You run into people you don’t want to see on every corner, but when you are looking for someone, there is no way someone can tell you where to find them. Jaume Blanch is a good example, that’s how he understood it.

I never heard anything about JB again, today I do not know if he is alive or dead, I know he lives in Barceloneta, but he will never go out to the street, I think that the astral charts and the lack of friends keep him confined in that apartment in ‘Almirante Churruca, a boulevard where the first floor has always been destined to commerce. Apart from La Caixa de Catalunya, there were several shoe shops, a couple of bars, a bakery -Tarrés-, a tricycle rental house -Alfredo Arias-, and a shoe repairer – Maño-. At present, new businesses have been added, a hairdresser, a dentist, an optician and a couple of real estate agencies.

The apartments were houses for the workers of the Born and the central fish market. Strangely enough, they also had an elevator.

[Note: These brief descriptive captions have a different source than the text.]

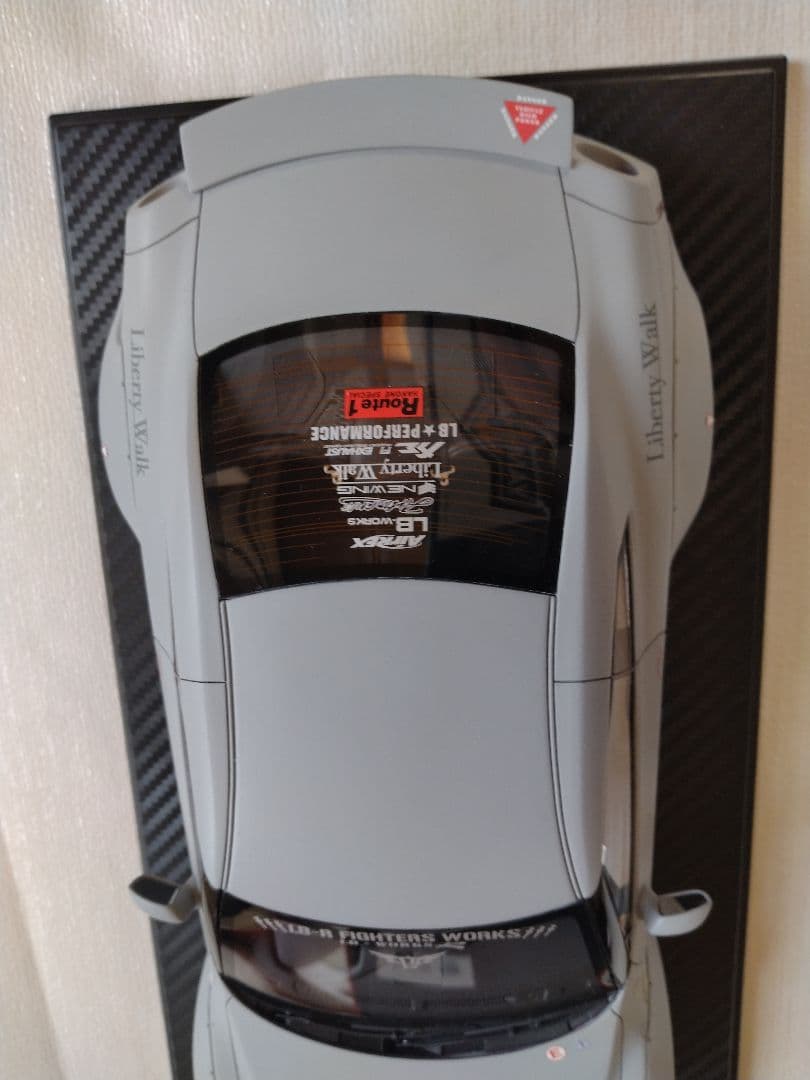 ワンモデル 1/18 R35 GT-R LB仕様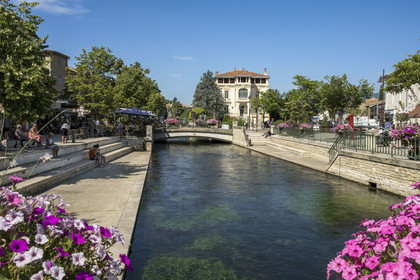 France, Vaucluse (84), L'Isle-sur-la-Sorgue, un des bras de la Sorgue, l'ancien chateau Dumas construit en 1880 et devenu la Caisse d'Epargne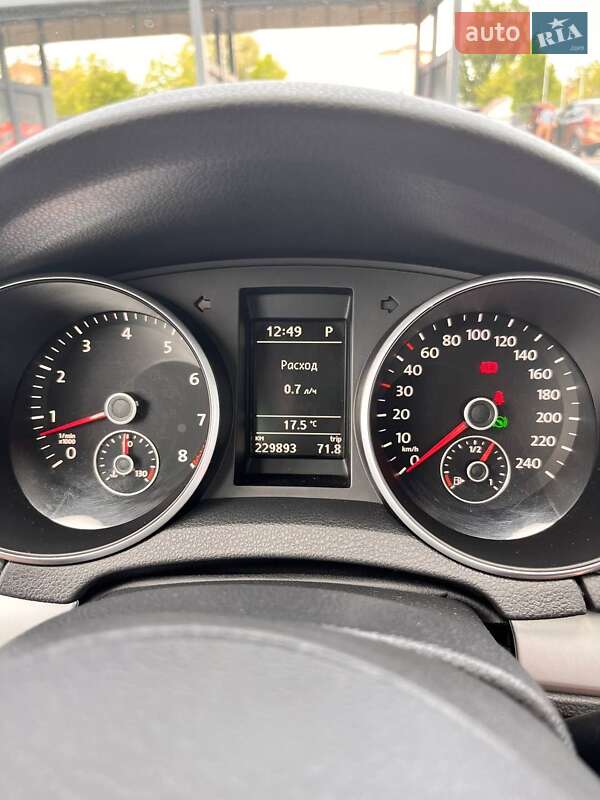 Універсал Volkswagen Golf 2010 в Львові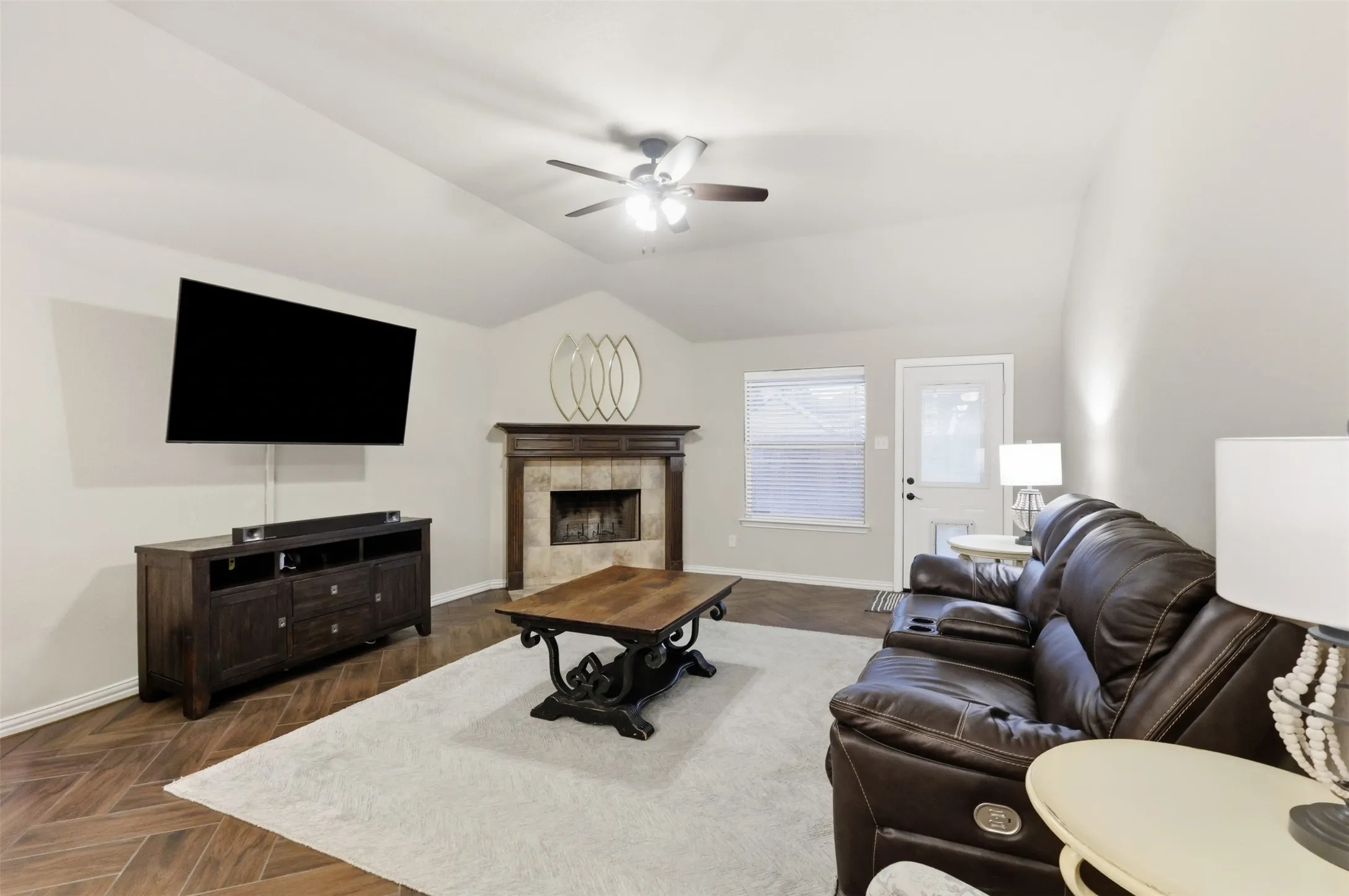 Single Family Residence For Sale in Tarrant County , 3956 Hollow Lake, Roanoke, Texas 76262, 3 Bedroom, 2 Bathroom, 2 Garage spaces, 2,103 Sqft, built in 2013, mls#21400379, Real Estate Agent in Roanoke, Homes For Sale in Tarrant county, Homes For Sale in Roanoke, Realtor in Roanoke Texas, Real Estate Brokerage Independent Realty Texas, Luminita Cordes Realtor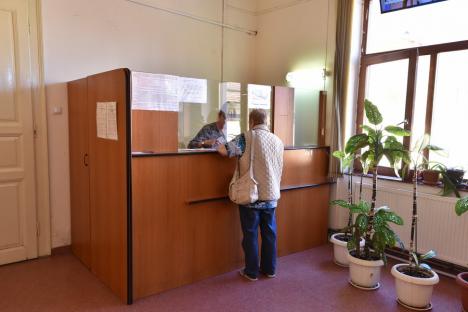 Banca bunicilor: Ce este CARPO, organizaţia care ajută pensionarii din Bihor să supravieţuiască (FOTO)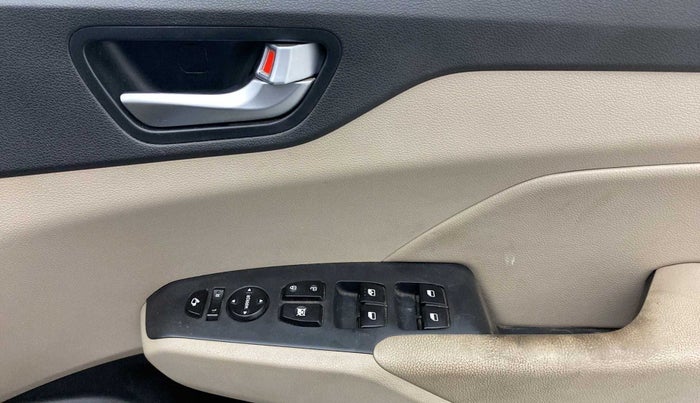 2018 Hyundai Verna 1.6 VTVT SX O, Petrol, Manual, 58,549 km, Driver Side Door Panels Control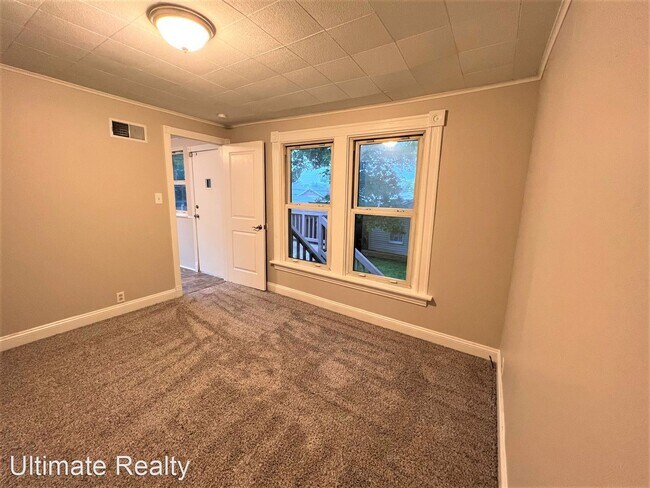 Building Photo - 3 br, 1.5 bath House - 4721 Goethe Ave.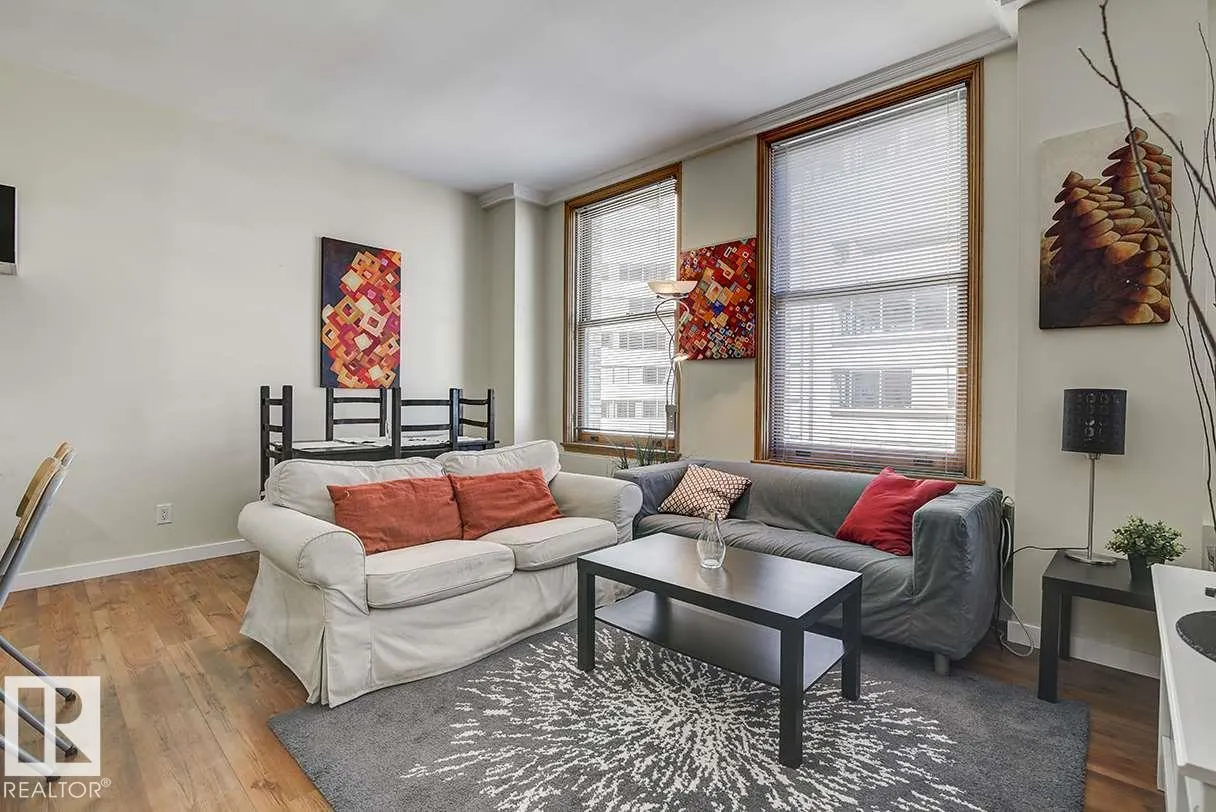 #808 10134 100 ST NW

Barceloneta can be ruthless. Once a neighborhood of solidarity, with a great burden of humanity, has lost the values that we always boasted and has become a coliseum in which we give free rein to the baser instincts. Greed, and above all, envy, makes every stick hold its candle. We consent to closing the stores of all life and we move to buy to neighboring neighborhoods – Santa Caterina, Born or Boqueria -, or what is worse, we do it through Amazon on the Internet, causing the death of our trade, and consequently, the death of our neighborhood.

Today tourism and foreign trade impose a new way of life, new customs, religion, language ….

People like Jaume Blanch have stopped searching.